AIMING HIGHER: Sharon Grosser is looking to the global market. Photo: Attila Csaszar

US group guides Perth entrepreneurs

Tuesday, 22 April, 2014 - 11:19

The Springboard program nurtures selected WA start-up leaders to think of their concepts and potential earnings in global terms.

Perth may be alive with start-ups and events, but examples of companies that have gone global from here, and remained here, are few and far between.

“It is especially hard for women to be able to take their business away from their home town, due to their other commitments,” Wendy Simpson, chair of Springboard Australia told Business News.

“When I saw how Springboard was running in the States, I was also trying to raise money for my own engineering company.

“I lobbied the chairman to bring the program to Australia. They had never taken the program outside the US.”

Springboard is a US-based venture catalyst program for women, which was established in Silicon Valley in 2000, but is now in its second year in Australia.

From an initial 56 entrepreneurs, eight were chosen, three of who are from Western Australia.

The WA participants are Wanida Chua-anusorn, from health play MagnePathSharon Grosser, from education software company SEQTA, and Louise Daw, of MiPlan, a mining technology provider.

Each entrepreneur was put through an intensive ‘boot camp’ in Sydney in February. Over the next few months, they have access to US-based mentors who can provide access into global markets.

Wanida Chua-anusorn, Sharon Grosser and Louise Daw

MagnePath

Wanida Chua-anusorn moved to Australia after studying medical technology in Thailand. MagnePath is a healthcare app that can convert MRI scan data into a ‘fat map’, which can map the body fat of a patient.

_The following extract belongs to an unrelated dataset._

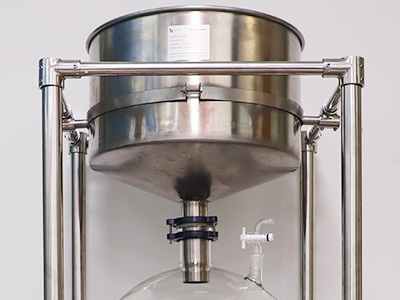 스테인리스 진공 여과 시스템 detail - 프레임형 본체, 알루미늄합금+스테인리스 스틸, 미려한 외관, 내구성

With the current health awareness promotion around ‘toxic’ fat, the timing could not have been better.

“X-rays are not so good at looking for soft tissue,” Ms Chua-anusorn told Business News. “MRI scans are better at this and involve no radiation.”

The app can be applied easily into existing MRI scanners. The results are available in a couple of minutes, providing a colour-coded map of the problem ‘fat’ areas inside and on the body.

“It’s not about whether someone is fat or thin, it is more about health – there is good fat and bad, toxic fat, and this technology allows you to find it and show it easily.”

Rather than invest in expensive machinery, the scans can be performed quickly and payment is on a per-use basis.

Ms Chua-anusorn is also using the same idea to develop a joint map (to show sporting injuries) and a muscle map.

SEQTA

SEQTA was started on the kitchen table by husband and wife team Grant and Sharon Grosser.

Grant was a deputy principal of a local school and was continually developing software to help in the administration. Other schools began asking for the system.

Sharon was an English teacher and both were parents, so together they decided to create the all-in-one software system that could connect parents, children and teachers.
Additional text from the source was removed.